Paintings accompany them: uses of the same forms and rhythms, developing from a quickly sketched and deft study into a fleshed out and carefully executed portrait, and then into a rough 3D form, finally emerging completely into its finished three-dimensional presence

This exhibit depicts not just the final products of a creative force dedicated to the sensuous look and feel of well-executed art, but the process by which these reach that state of grace. An eminently satisfying show on many levels and well worth a second visit.

Friday, August 7, 2009

Summer display for 'Winter's' quilts

by Peg McCarthy, Northumberland News
Art born of necessity is on display at the Art Gallery of Northumberland, in Victoria Hall.
Quilter Dorothy Winter has created new works for her current show in the Paul Kane Gallery, with one quilt in the main gallery that complements sculptural work by Frances Gage.
What was once a cheap source of bedding, quilts have evolved into an art form, said Ms. Winter, one which she calls "an original recycling success of pioneering" that re-uses scraps of material to create blankets and covers. A single quilt can take three months.
Never an artist or a sewer, said Ms. Winter, she worked at covering beds, then walls, in her eastern Ontario farmhouse in the 1970's.
"I became lost in admiration with the designs and colours of these little pieces," she said, adding quilters have never had sufficient appreciation of their stitched art.
Ms. Winter has always kept the stitching simple, but that said, her designs are intricate and each quilt has its own story to tell. Working entirely on her own, by choice, Ms. Winter has let the fabric lead her, and she's inspired by the material and the Ontario countryside.
"I greatly admire other people's work, but I try not to be influenced. I want something entirely from me."
And as fabric stores quietly disappear, Ms. Winter buys what catches her interest, and then lets the design flow from the bits and pieces, and hopes there is still enough available material to complete the quilt. Sometimes she's inspired by the everyday.
"My husband's ties constantly fell from the rack to the floor," she smiled, as she recalled asking men for their unused ties. "Before long, I had hundreds and I felt obliged to do something with them.
"A tie is a statement about a man - like the facts of a personality."
Sorted into colour and type of fabric, designs took form. In one quilt, they form a kind of colour wheel.
"There is so much symbolism in art - the circle is perfect, the square further away."
She works with opposing elements and sets them in a way to express balance, "in nature, in ourselves, the different aspects and pulls in our own nature - what we do to achieve tranquility."
It's serious work, but she admitted the "fudge factor is big". Trial and error, and her experience all have a part in each quilt. When one is completed, "it's at the stage where there's nothing I would change. When it just looks right and when anyone could look at it and feel they could do that," needle and thread are put down.
Dorothy Winter: Recent Quilts runs in the Paul Kane Gallery until Aug. 29. An opening reception is Saturday, Aug. 22, from 2 to 4 p.m. For more information, call 905-372-0333

Wednesday, August 5, 2009

Dorothy Winter – Recent Quilts


Dorothy Winter – Recent Quilts in the Paul Kane Gallery August 1st - 29th, opening reception, Saturday, August 22nd.
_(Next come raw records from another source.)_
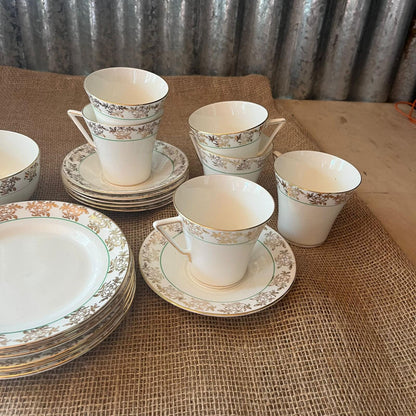Vintage Windsor 21pc Tea Set 6 Cups & Saucers, Milk Jug, Sugar Bowl 7 Plates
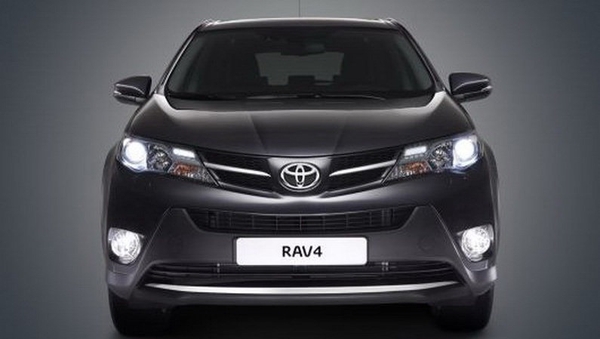 Первые фото обновленного Toyota RAV4 2013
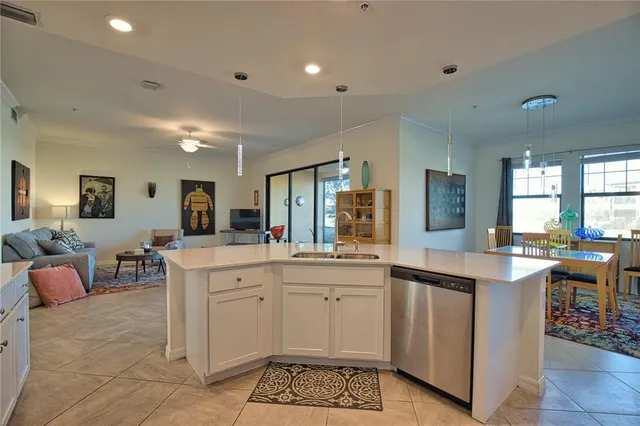 $339,900 | 10042 Crooked Creek Drive, Unit 102, Venice, FL 34293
Quilt maker Dorothy Winter has found new inspiration in men’s decorative ties. These wall-hung quilts are a fascinating study in pattern and a model of artistic recycling.

Frances Gage At The Art Gallery Of Northumberland










Frances Gage: Unlikely Paradise, August 1st - 29th, Art Gallery of Northumberland, Cobourg
. Reception and book launch at 85th birthday celebration, Saturday, August 22, 2:00 to 4:00 pm. Frances Gage has lived in Cobourg for 10 years and in that time has become an integral part of the community. Prior to our arrival in our midst, Gage gained wide recognition as one of Canada's leading sculptors. The recently finished biography by Alan Butcher is being published this summer. This exhibition is an honor of this event. The launch of her biography “Unlikely Paradise” coincides with her 85th birthday.